Not only are they bought to be looked at as cult-objects, but they are also used for propping doors open or—in French farce—shut. They are used by cats, dogs, and small children for sleeping in; by adults as shoe-rests for polishing or lace-tying. They are used as stands for Karrikots and baby baths; as saw horses; as work benches for domestic trades as diverse as pea-shelling and wool winding; and as clothes hangers. If upholstered and sprung, they can be used for trampoline practice; if hard, as bongo drums. They are persistently employed as stepladders for fruit-picking, hedge-clipping, changing lamp bulbs and dusting cornices…
The more a chair is well-designed for sitting in, the less use it is the other 95 percent of the time…If rational inquiry were to prevail, it would show that chairs are simply detached units of a commonwealth of horizontal surfaces on which any number of objects, including the human fundament, can be parked.
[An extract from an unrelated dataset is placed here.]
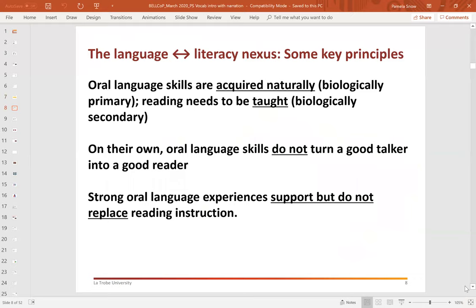What are some key principles regarding the nexus between oral language and literacy? It's important to remember that oral language skills are acquired naturally — we think of them as biologically primary — whereas reading needs to be taught; it's biologically secondary. That's a really important distinction. If we can keep that distinction front of mind, it helps to remind us of what needs to be happening in early years classrooms, particularly in the first three years of formal reading instruction.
I enjoy reading about objects tied tightly into our lives yet, so often these objects are rarely given their due credit. We’d be uncivilized without our chairs. Artful chairs though beautiful are weak in character. It’s the everyday chair that can call itself mankind’s best friend.
AnnMarie
neat blog you have here, thanks for sharing
anntogether.com
March 30, 2014 at 5:51 pm
So sometimes it is better to do multiple jobs adequately rather than one job really well (chair) and sometimes it is not (parachute).
Darren
March 30, 2014 at 11:00 pm
@AnnMarie: Thanks so much!
@Darren: Speaking roughly, I’d say that a novel is more like a chair, a poem like a parachute—although a parachute that can also be used for playground games.